» **Exercise details**: Nothing but the lines from the one with "Clapet chauffage moteur" down to the one with "Серый Ниссан Лиф, объемом" should be returned, exactly and with both ends included, from the material below.

» **Available records**:
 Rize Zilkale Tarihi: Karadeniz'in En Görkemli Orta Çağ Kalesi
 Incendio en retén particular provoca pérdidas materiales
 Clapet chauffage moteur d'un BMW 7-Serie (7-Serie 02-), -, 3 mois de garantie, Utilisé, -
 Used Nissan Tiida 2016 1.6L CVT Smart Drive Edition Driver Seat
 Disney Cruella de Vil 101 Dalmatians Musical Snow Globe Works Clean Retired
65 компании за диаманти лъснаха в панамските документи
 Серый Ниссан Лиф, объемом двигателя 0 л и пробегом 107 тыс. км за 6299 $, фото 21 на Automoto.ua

--

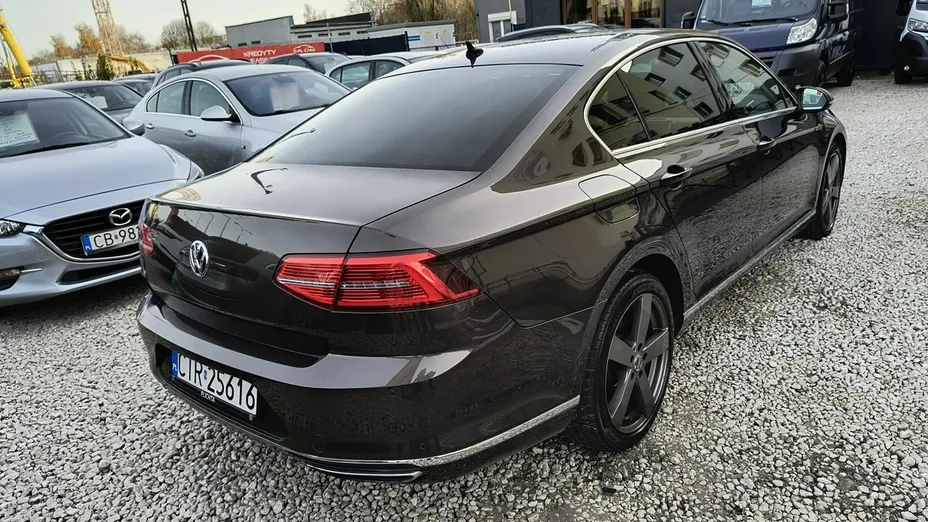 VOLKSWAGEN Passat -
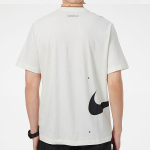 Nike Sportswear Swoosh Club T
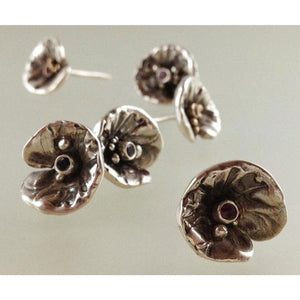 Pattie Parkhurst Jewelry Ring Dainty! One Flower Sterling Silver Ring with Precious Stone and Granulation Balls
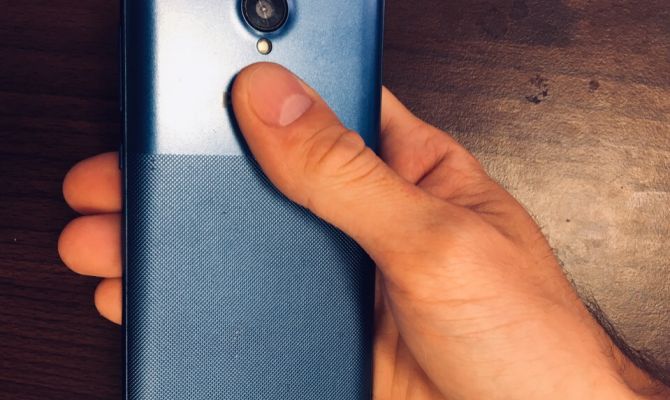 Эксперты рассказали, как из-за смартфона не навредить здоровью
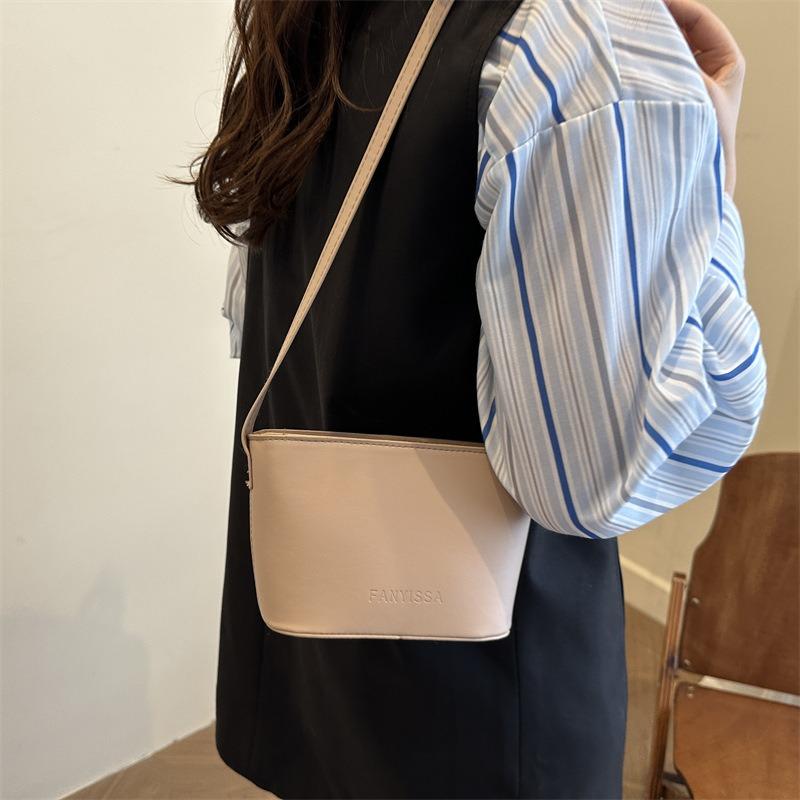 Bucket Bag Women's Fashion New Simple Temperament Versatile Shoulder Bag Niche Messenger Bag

...

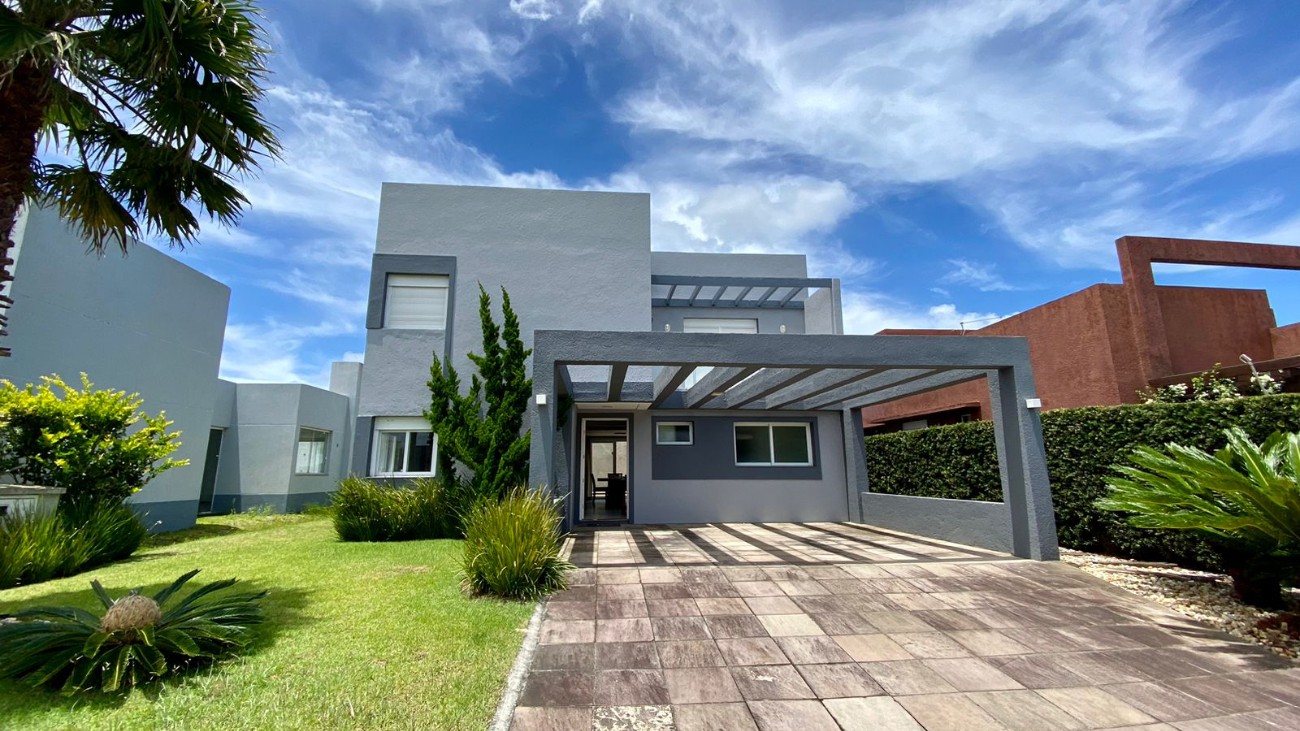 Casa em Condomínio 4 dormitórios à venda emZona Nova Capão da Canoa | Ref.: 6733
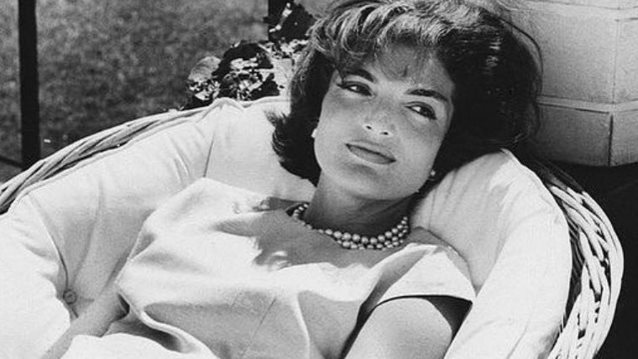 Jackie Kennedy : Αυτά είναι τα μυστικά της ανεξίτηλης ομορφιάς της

» **Answer space**:
 Clapet chauffage moteur d'un BMW 7-Serie (7-Serie 02-), -, 3 mois de garantie, Utilisé, -
 Used Nissan Tiida 2016 1.6L CVT Smart Drive Edition Driver Seat
 Disney Cruella de Vil 101 Dalmatians Musical Snow Globe Works Clean Retired
65 компании за диаманти лъснаха в панамските документи
 Серый Ниссан Лиф, объемом двигателя 0 л и пробегом 107 тыс. км за 6299 $, фото 21 на Automoto.ua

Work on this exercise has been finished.